A colder winter and higher demand are projected to lead to higher natural gas prices

A colder winter and higher demand are projected to lead to higher natural gas prices

Energize Weekly, October 16, 2024

Colder weather this coming winter leading to increased demand for natural gas for heating plus continued exports of liquified natural gas (LNG) will put “upward pressure” on natural gas prices, according to a Natural Gas Supply Association (NGSA) market outlook.

Those rising commodity prices could lead to fuel switching in the utility sector away from natural gas to coal – representing a sharp swing from this past summer when natural gas-fired electricity generation set a record.

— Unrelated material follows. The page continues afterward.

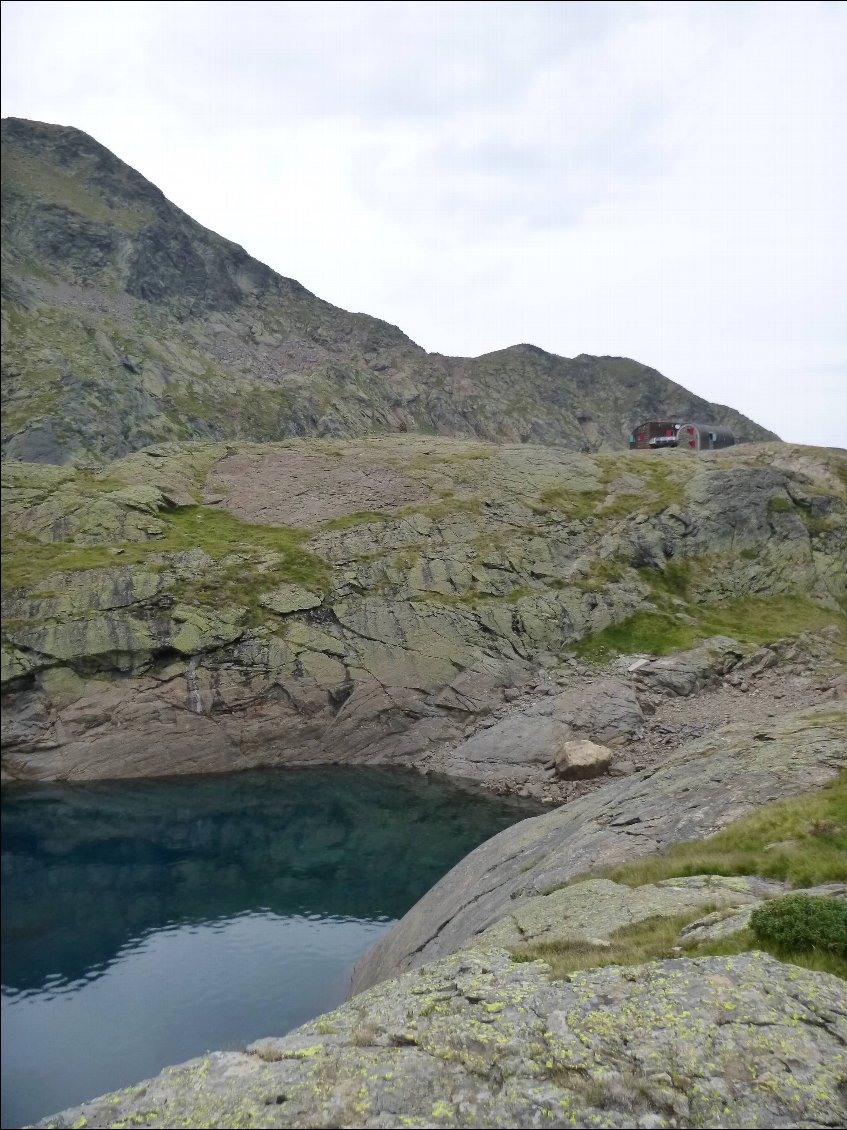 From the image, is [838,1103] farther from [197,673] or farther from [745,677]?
[745,677]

On Aug. 2, 2024, 7.1 million megawatt-hours of natural gas-fired electricity was generated, 6.8 percent more than the previous record set in 2023. Nine out of the 10 days with the most U.S. natural gas-fired electricity generation on record occurred in the summer of 2024.

“Reasons for increased U.S. natural gas-fired electricity generation included hotter weather, low natural gas prices, the addition of new combined-cycle generating capacity and increased generator capacity factors,” according to the U.S. Energy Information Administration.

At the same time, coal-fired generation also gained in the summer of 2024. “The need for fossil generation increased this summer due to record electric demand and underperforming renewable generation,” the NGSA analysis said.

Despite the summer demand, natural gas commodity prices remained low thanks to last winter being the warmest recorded in 130 years. That resulted in lower-than-average withdrawals from storage, resulting in “a significantly high amount of natural gas” heading into the summer injection season, the NGSA said.

Spot gas prices at the Henry Hub last summer were $2.51 a million British thermal units, their lowest since the 2019-2020 winter.

The hot summer and correspondingly high demand for natural gas from the power sector enabled storage refills to level out some of the surplus, although storage levels remain 6 percent above the 5-year average at 3.9 trillion cubic feet going into the winter season.

Nevertheless, the November-March period is forecasted to be 7 percent colder than last year, resulting in an approximately 14 percent increase in residential and commercial demand. Industrial demand is also expected to rise about 7 percent, the group said.

“With rising demand expected to place upward pressure on natural gas prices, power demand could decrease compared to last winter’s numbers and less temporary economically-motivated switching from gas-to-coal,” the market outlook said.

LNG exports to European and Asian markets are also expected to grow “driven by competitively-priced U.S. LNG availability,” the NGSA said. Exports will also be bolstered by more capacity coming online at the Plaquemines LNG facility, in Louisiana, in the fourth quarter of 2024.

“Global geopolitical tensions are driving bid support for European and Asian natural gas prices, which translates to the ongoing need for U.S. LNG,” the market report said.

All these demands are expected to put sustained pressure on commodity gas prices, according to Enverus Intelligence Research.

“Amplified gas price instability is a sure bet in the next few years as the market tries to time supply growth and LNG export capacity with the required midstream infrastructure needed to move the molecules,” said Jason Feit, an Enverus adviser, said in a statement.